HOFFMAN, J., concurs in the result.
NOTES
[1] Act of December 6, 1972, P.L. 1482, § 1, 18 Pa.C.S. § 110 (1973) [hereinafter cited as Section 110 of the Crimes Code.]
[2] Hereinafter, the first decision of Commonwealth v. Campana, 452 Pa. 233, 304 A.2d 432 (1973) will be cited as Campana. The second opinion of Commonwealth v. Campana, 455 Pa. 622, 314 A.2d 854 (1974) will be cited as Campana, addendum opinion.

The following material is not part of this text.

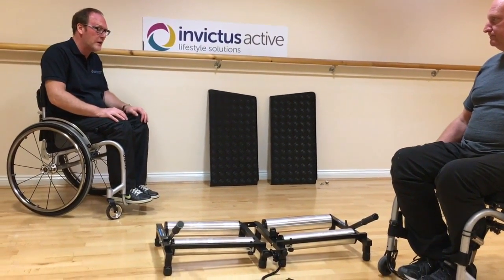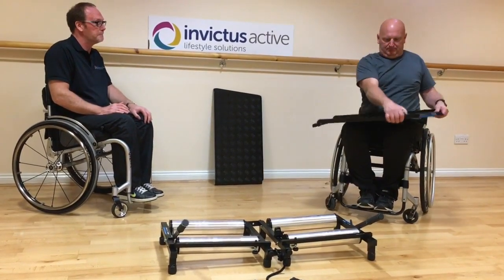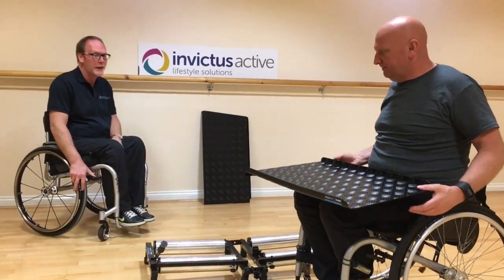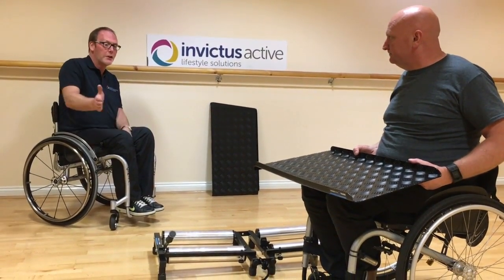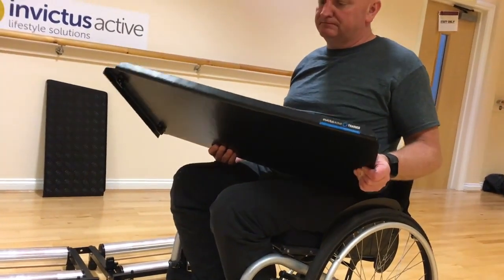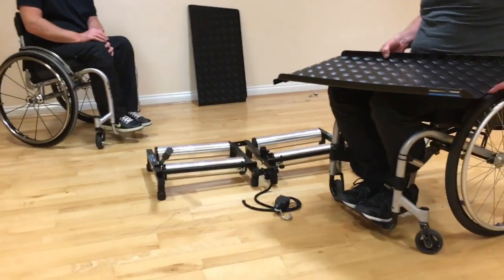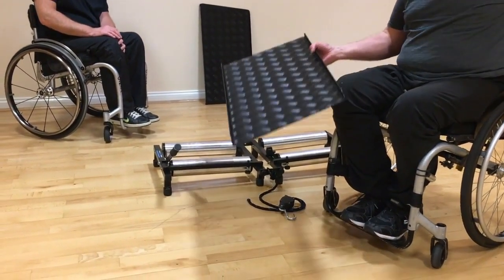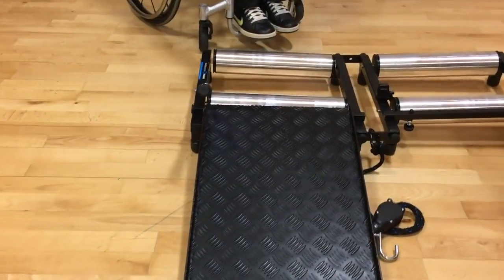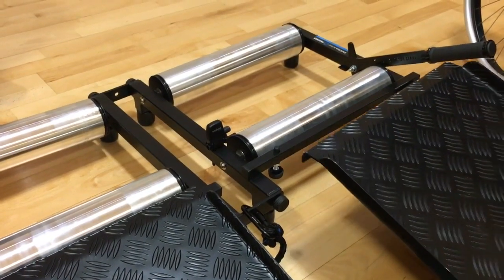The final part of the assembly process is putting the ramps on. Grab a pair of ramps. When putting the ramps on, the long side of the ramp needs to go on the outside of the trainer. You can also identify the correct orientation by matching up the stickers on the outside of the ramp. The ramp has to sit level with the two black spacers on the roller, then position the ramp so it sits flush with the thumb nut.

[3] The initial preliminary hearing was held on only two sets of charges, one pertaining to the woman and the other to one of the men. The hearing on the charges relating to the remaining male victim was continued due to the victim's prolonged hospitalization.
[4] U.S. Const. amend. V.
[5] The Supreme Court stated its holding at least twice in the first Campana decision: "[w]e hold that all charges resulting from the criminal `episode' of each appellant should have been consolidated at one trial, and consequently the second prosecutions violated the Double Jeopardy Clause of the Fifth Amendment." Commonwealth v. Campana, 452 Pa. 233, 239-40, 304 A.2d 432, 434 (1973) (emphasis original); and "[w]e hold . . . that the Double Jeopardy Clause requires a prosecutor to bring, in a single proceeding, all known charges against a defendant arising from a `single criminal episode.'" Id. at 252-53, 304 A.2d at 441.
[6] See also Commonwealth v. Hynd, 230 Pa. Super. 114, 326 A.2d 434 (1974) where this Court interprets Campana as not being a statement of constitutional rights but a decision based on the Supreme Court's supervisory powers.
[7] This definition is quoted from the Commentary to ABA Project on Minimum Standards for Criminal Justice, Standards Relating to Joinder and Severance § 1.3(a) (Approved Draft, 1968).
[8] This quotation is from State v. Brown, 262 Or. 442, 458, 497 P.2d 1191, 1198 (1972).
[9] See Commonwealth v. Campana, 452 Pa. 233, 249 n.33, 304 A.2d 432, 439 n.33 (1973) for a discussion of the source of these definitions.
[10] This Court in Commonwealth v. Beam, 227 Pa. Super. 293, 324 A.2d 549 (1974) did not hold that the initial summary prosecution of the disorderly conduct charge barred later prosecution for the assault and resisting arrest charges, however. The case was decided before the effective date of Section 110 of the Crimes Code and therefore had to base any prohibition of later prosecutions on the Campana decision which was held to be not retroactive.
[11] Section 110 of the Crimes Code notes that it is similar to the Model Penal Code § 1.09 (Proposed Official Draft 1962). The commentary to this section is found in the Model Penal Code § 1.10, comment (Tent. Draft No. 5, 1956). Section 110 of the Crimes Code actually incorporates within its scope the essence of Model Penal Code, § 1.07 (Proposed Official Draft 1962). A helpful commentary to this section is found in Model Penal Code § 1.08, comment (Tent. Draft No. 5, 1956).
[12] This language was cited with approval by the Supreme Court in Commonwealth v. Campana, 452 Pa. at 248, 304 A.2d at 439.
[13] See Commonwealth v. Jefferson, 423 Pa. 541, 226 A.2d 765 (1967); Commonwealth v. Howard, 226 Pa. Super. 22, 312 A.2d 54 (1973) (a defendant can waive his right to object to an alleged error if for purposes of trial strategy he decides not to raise the question in a timely manner).
[14] Minnesota has enacted such a law. Minn. Stat. § 609.035 (1964).
[15] Cal. Pen. Code § 654 (West. 1970).
[16] The Philadelphia Common Pleas Court has unlimited original jurisdiction the same as all other common pleas courts. Compare Pa. Const. Sched. art. V § 16(o) with Pa. Const. art. V § 5(b). See also Commonwealth v. Campana, 452 Pa. 233, 254, n.42, 304 A.2d 432, 442, n.42 (1973), where the Supreme Court held that the Philadelphia Common Pleas Court has jurisdiction over both summary and indictable offenses and they may be considered in a single proceeding.